Mario Cuomo will be remembered as the liberal lion of the ‘80s and ‘90s. His speech at the Democratic National Convention in 1984, “A Tale of Two Cities,” cemented that legacy. He fought for the common man. Interestingly, he came to prominence in New York fighting for people in Queens and in his losing race to Ed Koch for mayor in 1977 was seen by many as the more conservative candidate. I first met Cuomo and his then teenage son Andrew during that campaign. In my only mention on the front page, above-the-fold in the New York Times, a Sept. 17, 1977 column by Fred Ferretti said, “It was learned that Ms. Abzug’s campaign staff had moved virtually en masse to the Cuomo headquarters on Times Square. Those who moved included Peter Rosenstein, Mrs. Abzug’s Deputy Campaign Manager, now Cuomo’s director of field operations … and other members of the Abzug inner circle Maggie Peyton, Harold Holzer and Kenneth Sunshine.” That happened immediately after Bella lost her primary race for mayor and the run-off was between Cuomo and Koch. It happened before Bella officially endorsed Cuomo and she wasn’t happy.
Then came the dance when she did endorse over who would get to the press conference first, Bella or Mario. The endorsement nearly fell apart over that. Those of us moving to the Cuomo team were to work in two losing elections in quick succession. That was the last time my name ever got mentioned above that of my good friend Harold Holzer, the distinguished Lincoln scholar, who was to become a confidant of Cuomo, or Kenneth Sunshine who was to form a world-renowned public relations firm and is still a confidant of politicians, including current New York City Mayor Bill de Blasio.
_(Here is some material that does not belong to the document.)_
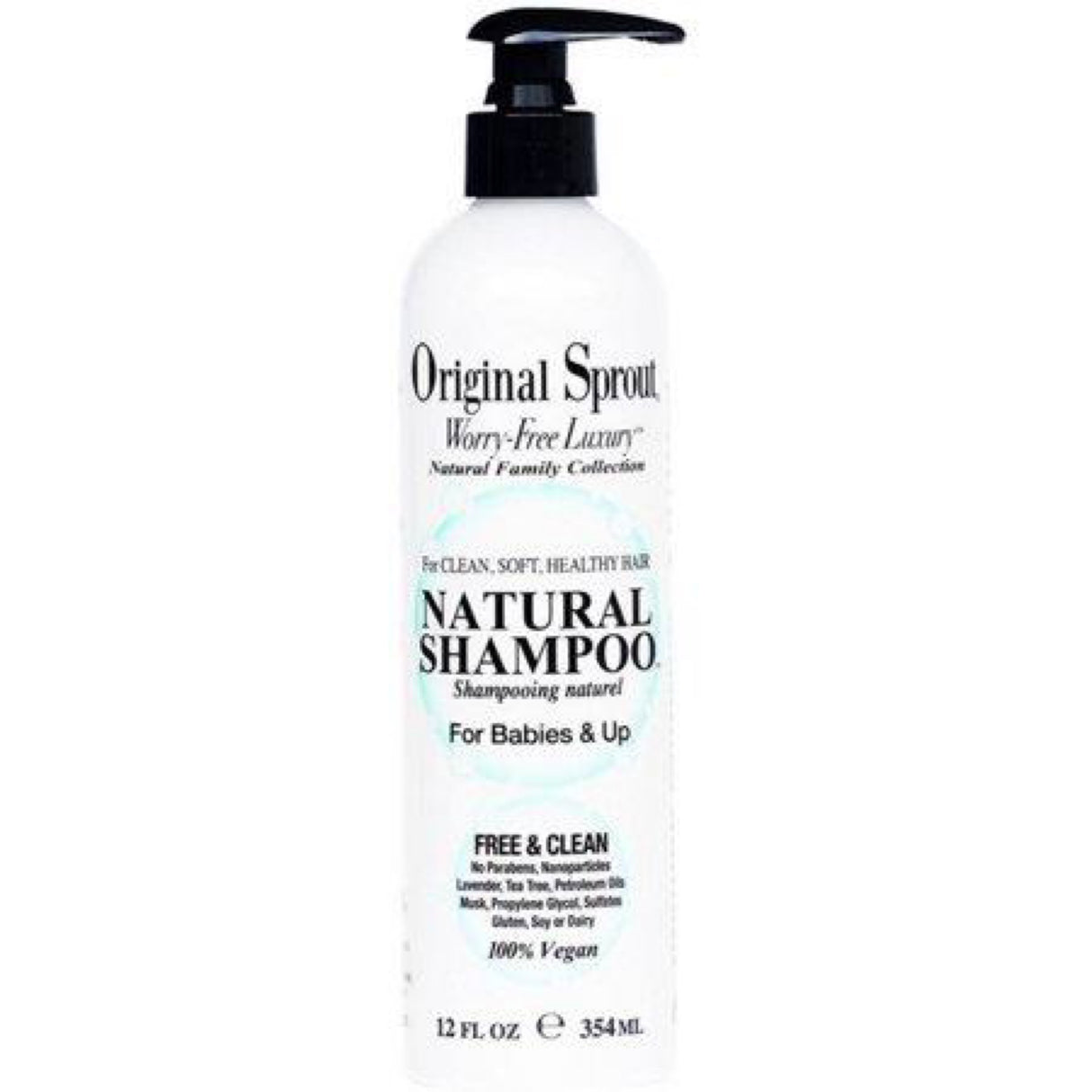 Original Sprout Classic Shampoo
Cuomo ran and lost in 1974 for lieutenant governor on a ticket with Howard Samuels. When he lost the mayor’s race, his mother Immaculata Cuomo was widely reported as saying “Mario don’t you ever win nothin?” But he did go on to win and served three terms as governor of New York and twice was the leading Democrat being asked to run for president. Each time he decided at the last minute not to run, which earned him the title “Hamlet on the Hudson.” Cuomo is known for the saying “Politicians campaign in poetry and govern in prose” — something New York’s current mayor is now learning.
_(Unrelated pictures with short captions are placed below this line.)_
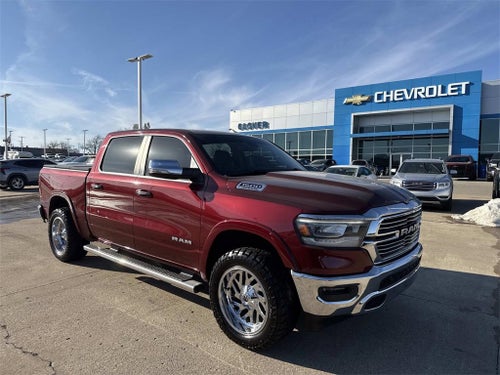 2019 RAM 1500 Laramie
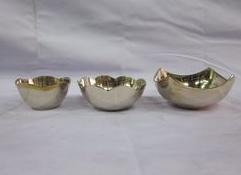 Metal Bowl Set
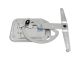 DT Spare Parts 1.22368 Fensterheber, links, elektrisch, mit Motor passend für Scania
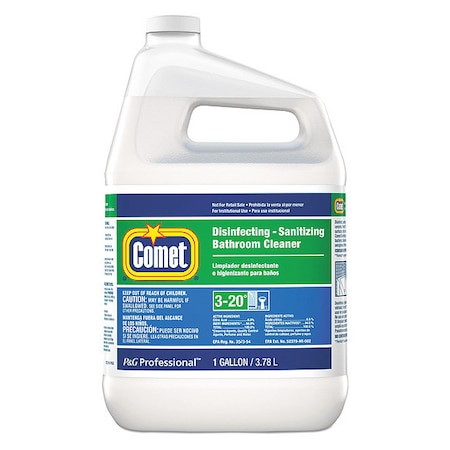Multi- Use Cleaner, 1 Gal, Fresh Scent, PK3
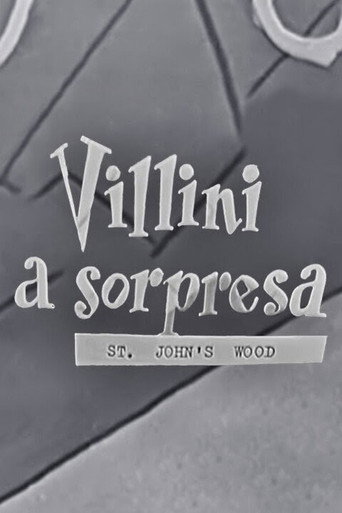 Póster de Villini a sorpresa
Two things remembered from that 1977 campaign are that Cuomo’s stand against the death penalty hurt him and those placards that appeared in the conservative areas of the city saying: “Vote for Cuomo, not the homo” in reference to rumors about Koch’s sexuality. Cuomo denied responsibility for them but it was always apparent someone associated with the campaign was responsible. Cuomo himself moved beyond that and with changing circumstances it was his stand against the death penalty that helped him beat Koch for governor in 1982. His son Andrew is now the governor and it was with his strong support that marriage equality became law in New York State. In politics, nothing stays the same and people change.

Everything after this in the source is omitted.